Consider how the words that leave your lips – or fingertips – will affect those around you. Sometimes we forget that not everyone is the same. Not everyone has the same tough skin or sense of humor as you. “I’m so sick of the PC Police and SJW’s ruining everything.” Unsurprisingly most of the people who complain about being politically correct are usually just upset that someone has called them out for showing their hide. Far too often we are careless with our words. We lie, we spread gossip and say things that don’t always need to be said. We do this all for the sake of entertainment, hate in our heart, and the need to belong. It’s understandable, we want others to hear us. There is this base need to feel like we belong, that we aren’t alone. It gets dangerous when we would drag others into our negativity just to avoid the fact that we may be.
IS IT TRUE?
This is a personal pet peeve of mine. We’ve all lied, most still do. Whether it was an exaggerated story, a white lie, or even a malicious untruth, we’ve all been there. I’ve noticed that the most common offense is lazy lying. Lies that cost others time, productivity, and often times a little bit of their sanity. Lying because it’s easier than having a real conversation, making any effort, or being honest about your feelings.

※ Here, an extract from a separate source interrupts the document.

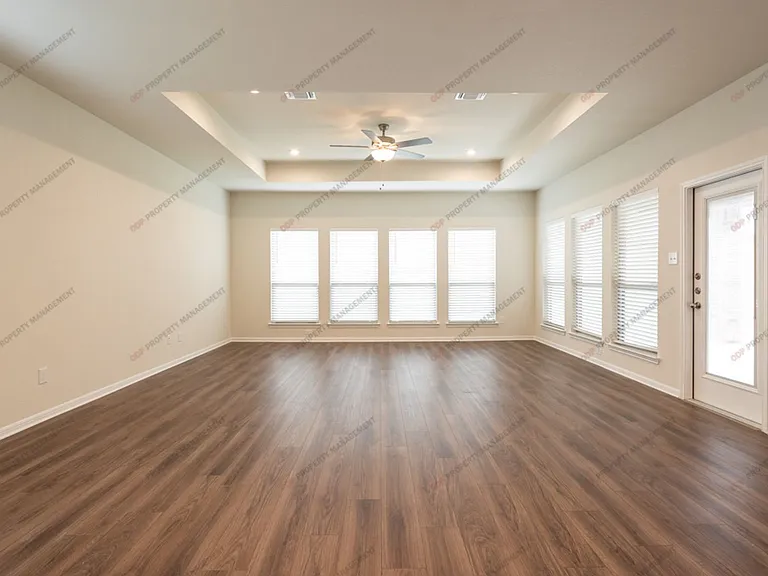 742 Friar Tuck Dr — Photo 16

I get it. The truth can be scary, but the consequences of being caught in a lie are probably going to be worse than whatever response your truth may carry. The most dangerous thing we do however is lie maliciously. It’s dangerous because it doesn’t come from a place of fear or self-perseverance. Malicious lies serve one purpose, to hurt others. It was actually my observance of this in abundance that prompted me to write the post. Eventually, we need to ask ourselves “What real purpose does it serve? If it is neither good nor true, why say it?”
IS IT NECESSARY?
I saved this for last. Consider if what you are saying is necessary. The introduction of the internet and social media has given us all a platform in which we can be heard. It has even led to the discovery of talent that would have otherwise gone unnoticed. Sadly, our ability to communicate so openly has led us to believe that we are more important than we really are. In turn, we have a tendency to say things for the sake of saying them. Usually without any sort of filter.

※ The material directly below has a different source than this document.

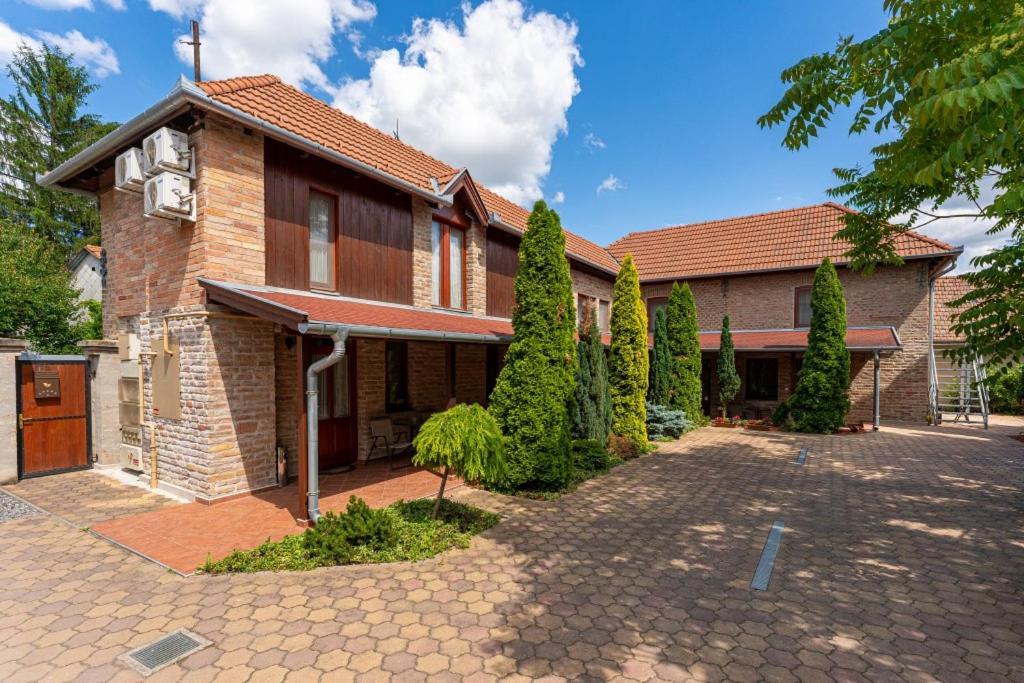 Varázskő Apartman Gyula Exterior foto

When we do this, the words we speak are rarely true, good, or necessary. By watching your words you make them more effective. No one likes to be overwhelmed in a conversation. Be honest, we all have that one friend who’s hidden from our TL because they post 10-15 posts an hour like clockwork. Do we REALLY have that much to say? Filtering our thoughts before we speak helps ourselves as much as it does those around us. We’re less likely to offend and more likely to be heard.
It’s amazing how things have changed in the last decade. We have Snapchat, Instagram, Facebook, and a host of other social media outlets. So much power at our fingertips. As the saying goes, “With great power, comes great responsibility.” Social media shapes our culture and our culture shapes our communities. That’s why it’s so important that everything we do is done with purpose. I’m no moral authority and I am far from a public figure.

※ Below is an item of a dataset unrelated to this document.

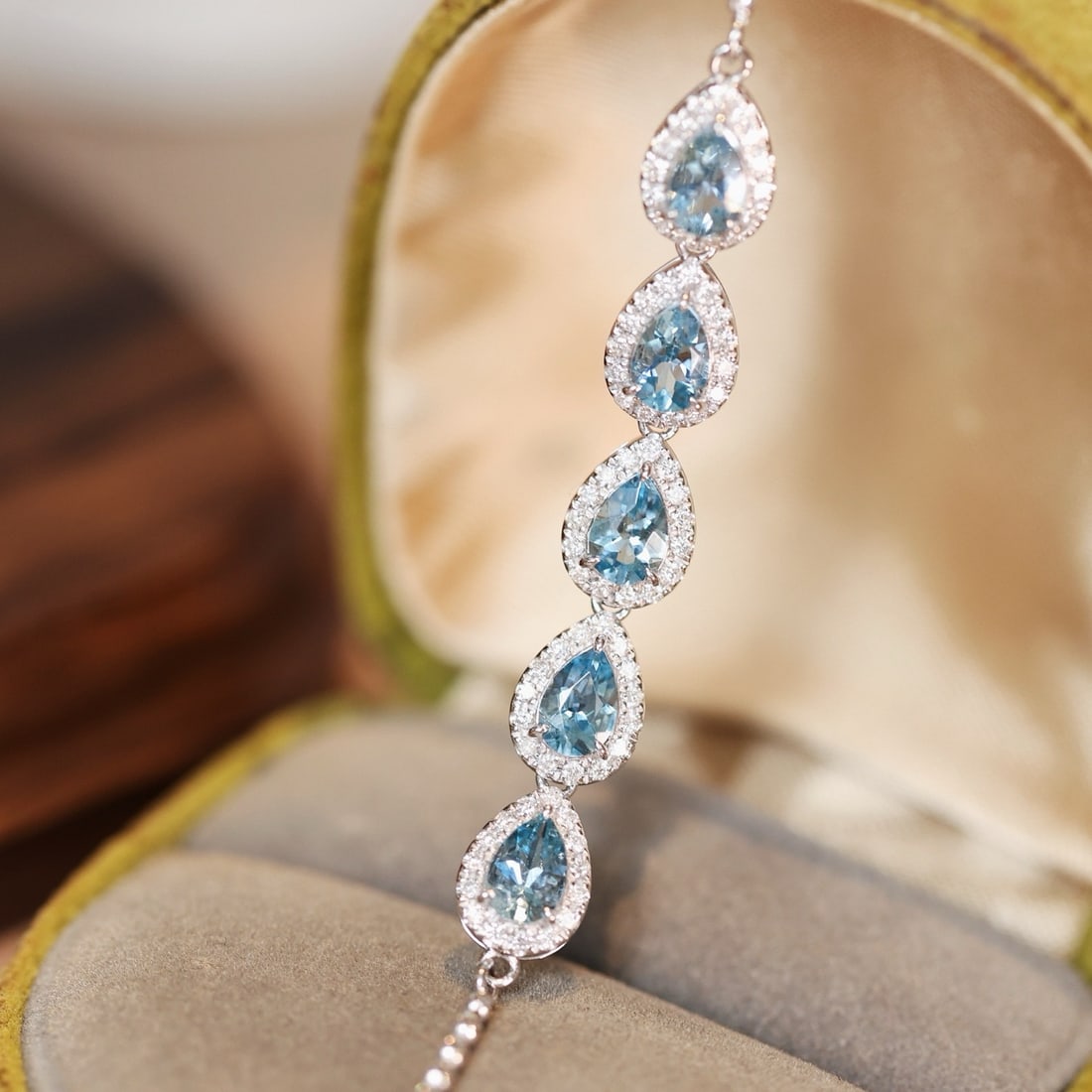 14k Gold 2.65 Ctw Natural Aquamarine & Diamond Bracelet - 7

I think it’s an issue of everything in moderation. We are human, we are going to be entertained by things that may not check every box. Sometimes there’s nothing like a good hearted roasting or wilin’ out on twitter. I’m just saying to be mindful with your words. Your words are a reflection of your soul. There’s no real reason you should take what I say to heart but if anything I said resonates with you then I call for you to challenge yourself. Do better, be better.